Brooklyn flagged down a bartender, and I had a drink set down in front of me in no time. I sipped it gingerly. Cheap whiskey. Whatever. I wasn’t in the mood to properly appreciate fine whiskey right now. It would do.
“I’m probably supposed to be having a reaction,” I said.
“You are,” she said, with just the right balance of sympathetic without being annoying about it or reminding me that things were shit. “Disbelief and shutting down is completely normal in the wake of shocking news.”
“Okay. Yeah, actually, that makes sense. I’m sort of a journalist… I interview people in crises all the time. It’s pretty normal. A lot of them are so blasé. Hurricane victims standing in the rubble of their own homes, and they just shrug and say,rained a lot.Guess it just rained a lot.”
“That doesn’t mean it’s okay.”
“I’m a boring partner. You’re absolutely dripping sex appeal. It’s normal.” I shook my head. “I’m sorry. That sounds gross. And it sounds like I’m blaming you.”
“Being cheated on is never about you and always about them, Ryan.”
I laughed, an incredulous sound that I didn’t even mean to make—just pulled itself up out of me. “Bartenders, the font of wisdom. So true.”

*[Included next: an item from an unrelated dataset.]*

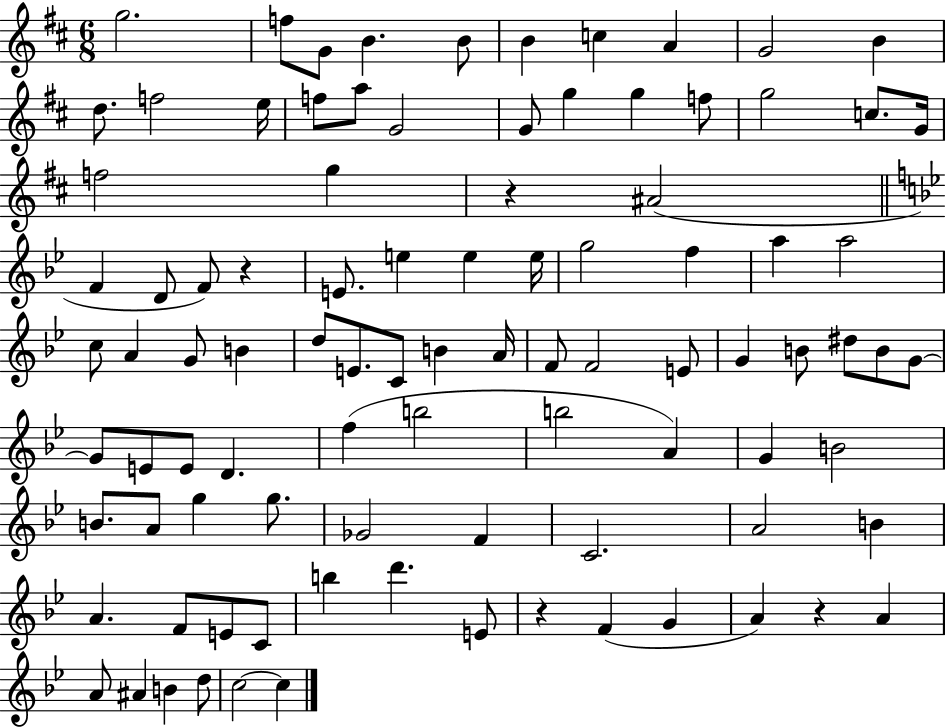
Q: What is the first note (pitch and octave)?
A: G5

“It’s true. Firstly, nothing about you suggests that you’re boring. Even on a shallow level, you’re very pretty. But more importantly, the fact that you’re his partner should be reason enough that he’s interested in you.”
“Oh, now you’re not content with just him, you’re trying to flirt with me too.” I didn’t know why I said that. I had no control over what I was saying right now. Brooklyn smiled politely.

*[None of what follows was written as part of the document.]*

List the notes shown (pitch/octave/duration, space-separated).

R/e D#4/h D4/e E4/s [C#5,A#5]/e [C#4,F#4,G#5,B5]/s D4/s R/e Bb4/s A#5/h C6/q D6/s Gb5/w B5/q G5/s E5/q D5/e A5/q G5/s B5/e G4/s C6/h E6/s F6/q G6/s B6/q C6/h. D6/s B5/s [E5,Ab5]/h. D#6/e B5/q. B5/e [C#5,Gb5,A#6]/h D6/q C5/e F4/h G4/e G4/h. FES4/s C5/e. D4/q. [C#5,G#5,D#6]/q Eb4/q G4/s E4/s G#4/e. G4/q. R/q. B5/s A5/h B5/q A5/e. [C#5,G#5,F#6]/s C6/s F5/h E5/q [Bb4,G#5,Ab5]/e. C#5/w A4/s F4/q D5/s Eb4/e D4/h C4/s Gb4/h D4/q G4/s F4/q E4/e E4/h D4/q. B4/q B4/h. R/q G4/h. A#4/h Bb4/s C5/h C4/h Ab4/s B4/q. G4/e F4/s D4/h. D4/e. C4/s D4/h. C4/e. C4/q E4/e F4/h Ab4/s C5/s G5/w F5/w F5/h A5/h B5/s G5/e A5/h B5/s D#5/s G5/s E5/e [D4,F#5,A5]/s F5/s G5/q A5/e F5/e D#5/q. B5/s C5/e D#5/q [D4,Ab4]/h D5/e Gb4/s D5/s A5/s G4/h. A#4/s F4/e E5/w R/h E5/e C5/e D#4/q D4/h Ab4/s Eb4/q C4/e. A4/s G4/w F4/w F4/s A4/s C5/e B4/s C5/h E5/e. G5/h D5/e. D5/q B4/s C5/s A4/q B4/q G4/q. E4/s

“I wouldn’t hit on a woman who just found out her boyfriend is cheating on her. There’s a time and place for everything.”
“My family is going to kill me,” I laughed, cupping my drink in both hands. Passe—I was just heating up the whiskey. Somehow I didn’t care. “They love Shane more than they love me.”
“If they’re halfway decent family, they’ll understand that him cheating on you should be pretty disqualifying for whatever good things they think about him, and they should stand by you.”